Founded in France in 1979 by the eponymous Norbert Dentressangle, the company has grown considerably over the past decade, due to both organic sales increases and acquisitions, including Christian Salvesen in 2007 and TDG in 2011. Today's £1.1bn revenue compares to only £50m in 2007. Globally, the business, whose services include warehousing, transport, freight forwarding and operations management, now employs 33,000 people across 26 countries, generating a turnover of €3.9bn. The UK has now overtaken France as its largest logistics market, with customers including Argos, Danone Waters, Ford, General Motors, Kimberley-Clark and LG Electronics.

"We believe," says Simmons, "that shared success is inseparable from individual success. Shared growth therefore means enabling each of our employees to contribute to our growth, progress and commitment." Hence the company's philosophy of "you grow, we grow" and its L&D strategy "to develop a culture of high performance, capable of adapting swiftly to new opportunities and challenges in order to deliver profitable growth".

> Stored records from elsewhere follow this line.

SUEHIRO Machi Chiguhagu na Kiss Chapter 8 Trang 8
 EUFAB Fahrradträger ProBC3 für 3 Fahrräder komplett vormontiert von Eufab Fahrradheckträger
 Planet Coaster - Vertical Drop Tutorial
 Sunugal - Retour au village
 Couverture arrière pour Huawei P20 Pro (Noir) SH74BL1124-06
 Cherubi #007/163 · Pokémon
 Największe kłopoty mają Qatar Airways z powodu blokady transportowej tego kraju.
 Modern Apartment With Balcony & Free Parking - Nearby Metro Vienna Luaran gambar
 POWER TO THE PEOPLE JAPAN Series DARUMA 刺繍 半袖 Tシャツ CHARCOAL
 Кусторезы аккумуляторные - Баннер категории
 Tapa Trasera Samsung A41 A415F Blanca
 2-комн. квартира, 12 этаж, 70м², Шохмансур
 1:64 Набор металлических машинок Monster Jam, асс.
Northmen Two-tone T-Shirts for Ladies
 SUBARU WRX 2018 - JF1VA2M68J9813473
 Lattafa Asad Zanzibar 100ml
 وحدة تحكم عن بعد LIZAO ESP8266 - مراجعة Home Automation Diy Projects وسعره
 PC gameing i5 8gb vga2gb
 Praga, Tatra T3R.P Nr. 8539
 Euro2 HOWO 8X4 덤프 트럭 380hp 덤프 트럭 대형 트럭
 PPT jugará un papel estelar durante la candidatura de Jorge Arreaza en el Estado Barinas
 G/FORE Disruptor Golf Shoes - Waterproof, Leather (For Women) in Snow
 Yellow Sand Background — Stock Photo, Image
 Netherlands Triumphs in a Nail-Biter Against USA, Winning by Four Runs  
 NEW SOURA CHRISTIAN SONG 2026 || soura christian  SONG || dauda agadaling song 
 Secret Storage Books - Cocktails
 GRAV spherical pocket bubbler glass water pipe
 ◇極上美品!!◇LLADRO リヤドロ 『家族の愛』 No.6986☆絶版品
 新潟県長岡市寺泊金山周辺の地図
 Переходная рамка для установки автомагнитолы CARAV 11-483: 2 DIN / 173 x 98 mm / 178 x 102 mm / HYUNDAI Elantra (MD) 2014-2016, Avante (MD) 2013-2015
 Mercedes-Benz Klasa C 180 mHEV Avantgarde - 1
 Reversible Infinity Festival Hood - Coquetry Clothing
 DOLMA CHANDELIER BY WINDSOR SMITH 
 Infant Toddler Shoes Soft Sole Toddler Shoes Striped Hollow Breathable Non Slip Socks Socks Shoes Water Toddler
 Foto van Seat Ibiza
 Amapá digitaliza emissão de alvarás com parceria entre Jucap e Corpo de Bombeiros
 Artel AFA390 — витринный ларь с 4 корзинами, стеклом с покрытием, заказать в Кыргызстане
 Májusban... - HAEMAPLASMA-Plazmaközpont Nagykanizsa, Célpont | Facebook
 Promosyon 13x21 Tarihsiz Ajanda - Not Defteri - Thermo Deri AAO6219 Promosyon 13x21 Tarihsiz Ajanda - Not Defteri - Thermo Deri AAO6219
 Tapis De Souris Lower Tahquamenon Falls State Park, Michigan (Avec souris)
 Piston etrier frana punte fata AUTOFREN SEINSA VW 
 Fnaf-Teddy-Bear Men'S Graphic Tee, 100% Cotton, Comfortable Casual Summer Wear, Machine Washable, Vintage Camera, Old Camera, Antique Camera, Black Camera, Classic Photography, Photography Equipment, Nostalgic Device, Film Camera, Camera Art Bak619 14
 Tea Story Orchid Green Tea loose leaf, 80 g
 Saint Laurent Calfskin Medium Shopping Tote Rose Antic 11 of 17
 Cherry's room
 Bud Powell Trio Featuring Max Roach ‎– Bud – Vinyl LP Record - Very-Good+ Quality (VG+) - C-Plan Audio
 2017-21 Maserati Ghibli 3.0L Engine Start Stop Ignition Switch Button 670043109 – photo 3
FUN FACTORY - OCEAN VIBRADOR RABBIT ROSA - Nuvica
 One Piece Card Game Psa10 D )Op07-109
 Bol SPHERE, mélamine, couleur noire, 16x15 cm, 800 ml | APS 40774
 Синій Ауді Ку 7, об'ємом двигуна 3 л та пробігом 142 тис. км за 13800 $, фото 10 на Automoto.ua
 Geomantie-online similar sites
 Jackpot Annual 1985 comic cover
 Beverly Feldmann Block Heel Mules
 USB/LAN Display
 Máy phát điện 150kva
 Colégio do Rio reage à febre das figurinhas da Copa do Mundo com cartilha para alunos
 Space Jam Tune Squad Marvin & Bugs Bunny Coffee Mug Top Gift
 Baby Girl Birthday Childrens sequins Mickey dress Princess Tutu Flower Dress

Simmons and his team have created a suite of development initiatives to cover employees at all levels, from drivers to the most senior leaders of the business, in order to "motivate employees, increase individual capabilities and promote best practice" . The approach has been carefully considered and systematically structured to fit with, and help deliver, the company's overarching commercial strategy.

"Five years ago," explains Simmons, "before the acquisition of Christian Salvesen, where I was HR director for the food and consumer business, L&D at Norbert Dentressangle was relatively ad hoc and fairly random in nature. After the acquisition, we started a very deliberate journey towards a more joined-up, proactive and strategic approach to L&D."

First, Simmons and his L&D team, led by Chris Dolby, conducted a review of their business, both in terms of the status quo and where it was aiming to get to. "We got feedback from within the business and outside from our customers. What would 'good' look like, in terms of service and performance? What knowledge and skills did we need to drive the business? How could L&D help to achieve our business strategy and deliver increased profitability?"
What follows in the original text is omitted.